Tony Judt, the outspoken, sometimes outstanding professor at NYU and controversial advocate of a one state solution for the Israeli /Palestinian conflict (see his article Israel:The Alternative), is again in the news. You may recall the hoopla several months ago when an invitation for Judt to speak had been revoked--perhaps, as Judt maintained, due to the strong arm tactics of Abe Foxman of the ADL (though this New York Times magazine piece suggests otherwise here). Judt stated that his Constitutional freedom of speech had been transgressed. 100 leading thinkers and writers signed a petition supporting Judt, though both Christopher Hitchens (read here) and Leon Wieseltier (read here) shared some choice words about Judt's claims.

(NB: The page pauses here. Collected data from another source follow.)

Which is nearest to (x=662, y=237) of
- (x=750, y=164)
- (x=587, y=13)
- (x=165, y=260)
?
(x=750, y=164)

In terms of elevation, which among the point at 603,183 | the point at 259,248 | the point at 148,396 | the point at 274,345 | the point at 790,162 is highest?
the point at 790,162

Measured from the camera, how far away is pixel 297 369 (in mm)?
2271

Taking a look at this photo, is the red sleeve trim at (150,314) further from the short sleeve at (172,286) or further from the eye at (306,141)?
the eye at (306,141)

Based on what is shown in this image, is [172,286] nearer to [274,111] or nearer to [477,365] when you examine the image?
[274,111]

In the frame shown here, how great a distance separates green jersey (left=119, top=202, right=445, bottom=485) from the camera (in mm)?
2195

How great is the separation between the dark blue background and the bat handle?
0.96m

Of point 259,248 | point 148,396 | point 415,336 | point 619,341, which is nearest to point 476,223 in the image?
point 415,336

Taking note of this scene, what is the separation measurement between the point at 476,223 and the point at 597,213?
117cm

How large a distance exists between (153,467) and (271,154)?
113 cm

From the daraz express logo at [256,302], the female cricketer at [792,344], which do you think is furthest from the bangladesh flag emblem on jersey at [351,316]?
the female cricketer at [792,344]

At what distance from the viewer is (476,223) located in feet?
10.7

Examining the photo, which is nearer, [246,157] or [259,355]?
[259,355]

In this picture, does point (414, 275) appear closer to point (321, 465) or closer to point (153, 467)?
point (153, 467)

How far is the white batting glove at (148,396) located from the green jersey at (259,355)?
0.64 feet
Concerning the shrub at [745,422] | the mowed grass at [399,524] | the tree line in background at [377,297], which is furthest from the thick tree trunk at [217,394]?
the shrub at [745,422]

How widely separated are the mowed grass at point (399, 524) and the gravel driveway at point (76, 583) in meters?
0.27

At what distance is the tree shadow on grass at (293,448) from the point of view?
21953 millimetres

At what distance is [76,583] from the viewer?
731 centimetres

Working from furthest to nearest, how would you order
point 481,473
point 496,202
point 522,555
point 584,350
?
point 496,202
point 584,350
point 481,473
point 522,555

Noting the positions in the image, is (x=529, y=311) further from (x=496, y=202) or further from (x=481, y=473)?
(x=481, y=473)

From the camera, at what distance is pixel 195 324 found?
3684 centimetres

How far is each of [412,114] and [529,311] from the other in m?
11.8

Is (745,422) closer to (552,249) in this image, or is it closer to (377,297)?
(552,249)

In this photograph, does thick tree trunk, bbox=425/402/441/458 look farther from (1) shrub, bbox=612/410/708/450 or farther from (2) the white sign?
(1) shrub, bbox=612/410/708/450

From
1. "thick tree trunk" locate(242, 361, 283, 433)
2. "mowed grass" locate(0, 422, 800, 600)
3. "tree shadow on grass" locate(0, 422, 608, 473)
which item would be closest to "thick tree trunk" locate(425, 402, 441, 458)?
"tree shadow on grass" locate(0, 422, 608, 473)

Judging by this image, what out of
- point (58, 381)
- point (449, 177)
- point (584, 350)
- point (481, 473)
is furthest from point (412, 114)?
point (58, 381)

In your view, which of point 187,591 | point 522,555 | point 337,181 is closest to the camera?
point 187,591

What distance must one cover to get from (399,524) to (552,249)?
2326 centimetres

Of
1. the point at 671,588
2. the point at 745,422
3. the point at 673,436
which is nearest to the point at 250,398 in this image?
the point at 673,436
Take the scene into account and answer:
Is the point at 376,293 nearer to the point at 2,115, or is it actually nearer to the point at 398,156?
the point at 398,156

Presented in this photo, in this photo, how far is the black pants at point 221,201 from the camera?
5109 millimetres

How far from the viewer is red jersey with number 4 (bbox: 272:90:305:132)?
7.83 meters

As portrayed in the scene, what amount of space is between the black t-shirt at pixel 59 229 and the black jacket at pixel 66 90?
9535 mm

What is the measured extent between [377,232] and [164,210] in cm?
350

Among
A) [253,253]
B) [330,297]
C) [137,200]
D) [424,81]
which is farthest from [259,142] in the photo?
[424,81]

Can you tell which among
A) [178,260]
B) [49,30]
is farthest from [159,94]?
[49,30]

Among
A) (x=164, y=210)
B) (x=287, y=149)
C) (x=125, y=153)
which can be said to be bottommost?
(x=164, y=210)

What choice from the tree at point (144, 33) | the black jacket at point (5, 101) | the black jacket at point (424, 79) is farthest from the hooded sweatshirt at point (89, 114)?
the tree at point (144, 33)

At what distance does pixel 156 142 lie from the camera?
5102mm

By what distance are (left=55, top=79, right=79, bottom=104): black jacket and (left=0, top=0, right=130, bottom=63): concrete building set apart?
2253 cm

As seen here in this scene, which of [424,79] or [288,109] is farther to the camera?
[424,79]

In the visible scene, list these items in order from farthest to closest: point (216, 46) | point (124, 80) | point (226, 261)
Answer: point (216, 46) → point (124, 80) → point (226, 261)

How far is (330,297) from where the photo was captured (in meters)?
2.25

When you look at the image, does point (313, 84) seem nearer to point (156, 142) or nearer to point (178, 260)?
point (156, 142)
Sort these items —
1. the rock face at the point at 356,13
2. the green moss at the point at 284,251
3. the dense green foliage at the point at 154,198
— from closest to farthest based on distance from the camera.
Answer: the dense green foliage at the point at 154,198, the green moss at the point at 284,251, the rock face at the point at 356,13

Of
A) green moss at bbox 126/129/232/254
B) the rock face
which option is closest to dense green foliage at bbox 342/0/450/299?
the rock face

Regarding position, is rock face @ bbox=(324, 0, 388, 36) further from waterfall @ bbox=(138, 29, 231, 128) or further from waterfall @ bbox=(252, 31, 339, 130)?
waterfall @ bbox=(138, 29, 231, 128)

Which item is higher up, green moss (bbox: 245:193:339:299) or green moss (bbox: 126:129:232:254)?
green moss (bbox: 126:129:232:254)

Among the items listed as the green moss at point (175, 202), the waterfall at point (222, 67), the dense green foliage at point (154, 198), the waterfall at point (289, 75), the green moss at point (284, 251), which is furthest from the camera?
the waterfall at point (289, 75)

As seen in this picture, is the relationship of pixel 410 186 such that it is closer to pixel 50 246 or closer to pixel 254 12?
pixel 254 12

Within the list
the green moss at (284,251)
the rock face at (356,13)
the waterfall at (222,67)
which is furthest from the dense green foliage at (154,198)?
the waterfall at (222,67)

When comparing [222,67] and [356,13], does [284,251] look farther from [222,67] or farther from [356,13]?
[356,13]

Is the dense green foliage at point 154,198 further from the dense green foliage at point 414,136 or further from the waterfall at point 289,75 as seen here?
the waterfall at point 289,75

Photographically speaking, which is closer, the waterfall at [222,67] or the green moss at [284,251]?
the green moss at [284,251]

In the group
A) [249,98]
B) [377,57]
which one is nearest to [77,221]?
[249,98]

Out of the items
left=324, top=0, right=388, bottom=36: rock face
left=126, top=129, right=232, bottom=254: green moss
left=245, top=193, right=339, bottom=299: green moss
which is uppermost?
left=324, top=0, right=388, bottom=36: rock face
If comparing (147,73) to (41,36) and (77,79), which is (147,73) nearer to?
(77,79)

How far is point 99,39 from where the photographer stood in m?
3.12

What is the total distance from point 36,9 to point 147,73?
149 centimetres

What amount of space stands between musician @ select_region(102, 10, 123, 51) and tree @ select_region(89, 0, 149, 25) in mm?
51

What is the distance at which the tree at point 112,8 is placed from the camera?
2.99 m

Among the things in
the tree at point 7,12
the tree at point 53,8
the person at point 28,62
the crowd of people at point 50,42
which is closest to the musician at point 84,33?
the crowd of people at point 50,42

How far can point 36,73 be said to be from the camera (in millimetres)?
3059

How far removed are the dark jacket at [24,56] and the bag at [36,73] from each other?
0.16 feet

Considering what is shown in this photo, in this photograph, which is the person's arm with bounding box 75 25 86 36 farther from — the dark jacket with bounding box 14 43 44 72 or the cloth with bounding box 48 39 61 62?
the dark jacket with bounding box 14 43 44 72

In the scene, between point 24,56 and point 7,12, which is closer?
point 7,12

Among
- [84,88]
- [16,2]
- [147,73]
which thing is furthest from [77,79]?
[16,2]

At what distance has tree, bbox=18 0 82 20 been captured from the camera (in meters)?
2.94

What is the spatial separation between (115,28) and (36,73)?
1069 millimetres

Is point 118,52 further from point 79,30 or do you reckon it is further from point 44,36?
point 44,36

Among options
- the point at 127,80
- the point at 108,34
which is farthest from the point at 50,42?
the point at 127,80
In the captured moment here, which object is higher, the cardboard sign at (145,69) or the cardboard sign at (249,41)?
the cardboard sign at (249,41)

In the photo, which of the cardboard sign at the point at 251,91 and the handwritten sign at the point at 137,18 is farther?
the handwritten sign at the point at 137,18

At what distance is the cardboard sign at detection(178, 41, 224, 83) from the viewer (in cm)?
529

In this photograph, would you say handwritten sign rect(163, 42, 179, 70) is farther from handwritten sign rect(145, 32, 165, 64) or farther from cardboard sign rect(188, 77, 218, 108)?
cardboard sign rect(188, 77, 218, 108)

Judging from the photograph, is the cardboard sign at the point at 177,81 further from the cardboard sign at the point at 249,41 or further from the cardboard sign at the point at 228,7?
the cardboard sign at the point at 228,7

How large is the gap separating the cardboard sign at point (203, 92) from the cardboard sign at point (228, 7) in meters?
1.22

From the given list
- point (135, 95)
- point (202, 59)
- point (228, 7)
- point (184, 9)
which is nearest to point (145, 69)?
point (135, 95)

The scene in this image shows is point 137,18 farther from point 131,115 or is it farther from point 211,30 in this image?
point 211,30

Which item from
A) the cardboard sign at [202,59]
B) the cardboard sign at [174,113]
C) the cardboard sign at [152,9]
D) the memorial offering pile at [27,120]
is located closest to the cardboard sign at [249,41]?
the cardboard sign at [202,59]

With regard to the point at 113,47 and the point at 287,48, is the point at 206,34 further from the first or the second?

Judt railed against the alleged silencing of liberals and dissenting voices within the Jewish community. And now, the parameters of conversation within the Jewish universe are again being discussed. A recent article, "'Progressive' Jewish Thought and the New Anti-Semitism", published by the American Jewish Committee posits that some Jews are feeding the current anti-semitism. Immediately, the controversy exploded. The New York Times' Patricia Cohen summed up the furor in an article on the matter, quoting Judt among others.
This is a conversation that is fraught and is one that many are already engaged in [given the number of congregants who have forwarded articles on this recent debate to me]. I have little taste for Tony Judt's seeming embarrassment and vitriol. I place Jewish nationhood as one of the pivots of my Judaism, so I am obviously not in Judt's company. Those Jews who feel or think otherwise are in a different place from myself--but in fairness, they are not a historical aberration in the Reform Movement.
It is important to recognize that the era of any easy assumption of consensus between Jews is over and--even more disturbing--that the fissures appearing between intellectual academia Jews and synagogue Jews are only the beginning.